Another look at defunding ACORN

Liberal United States District Court Judge Nina Gershon issued a preliminary injunction blocking Congress from defunding ACORN. (Judge Gershon hails originally from Chicago, by the bye.)

 

ACORN claims it would be an unconstitutional Bill of Attainder for Congress to defund the organization.

 

Hans von Spakovsky at Heritage Foundation disagrees.

 

Judge Gershon’s decision is preliminary, but still doesn’t appear to accomplish what the Bill of Attainder provision was meant to do. Nevertheless, I’m generally in favor of more judges blocking acts of Congress when they are in fact unconstitutional (which is not judicial activism).

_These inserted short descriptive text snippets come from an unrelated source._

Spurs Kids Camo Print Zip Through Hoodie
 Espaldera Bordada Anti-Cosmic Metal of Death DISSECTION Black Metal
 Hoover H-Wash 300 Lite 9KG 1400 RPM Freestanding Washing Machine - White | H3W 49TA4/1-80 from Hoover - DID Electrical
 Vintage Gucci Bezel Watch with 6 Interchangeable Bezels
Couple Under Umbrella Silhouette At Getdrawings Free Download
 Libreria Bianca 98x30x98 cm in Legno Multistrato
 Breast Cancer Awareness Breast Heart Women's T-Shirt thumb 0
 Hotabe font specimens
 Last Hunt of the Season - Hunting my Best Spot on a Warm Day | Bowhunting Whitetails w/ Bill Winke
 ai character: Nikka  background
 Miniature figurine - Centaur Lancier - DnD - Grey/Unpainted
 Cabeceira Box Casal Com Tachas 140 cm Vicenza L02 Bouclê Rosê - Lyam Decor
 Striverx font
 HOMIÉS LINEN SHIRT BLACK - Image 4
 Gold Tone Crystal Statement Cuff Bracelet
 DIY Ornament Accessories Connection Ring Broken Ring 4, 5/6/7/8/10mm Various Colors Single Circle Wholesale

If we had more judges doing that, maybe the Constitution wouldn’t be in the pickle described by Thomas Woods and Kevin Gutzman in Who Killed the Constitution: The Fate of American Liberty from World War I to Barack Obama.

 

Many liberals, such as the AFL-CIO and very “green” Rhode Island State Representative David Segal, are cheering the decision by Judge Gershon.

 

Liberals, it seems, do believe in constitutional limits on congressional power, albeit, only when the limit on power works to their advantage. If Congress may not constitutionally stop taxpayer dollars going to a corrupt organization, I’m glad it’s liberals making that particular constitutional argument.

 

As long as liberals are being persnickety about constitutional authority, perhaps they can explain where in the Constitution Congress, or the federal government generally, has the enumerated power to fund ACORN.

 

The question is: will Republicans use this ruling as incentive to work towards not funding leftwing causes with taxpayer dollars in the first place?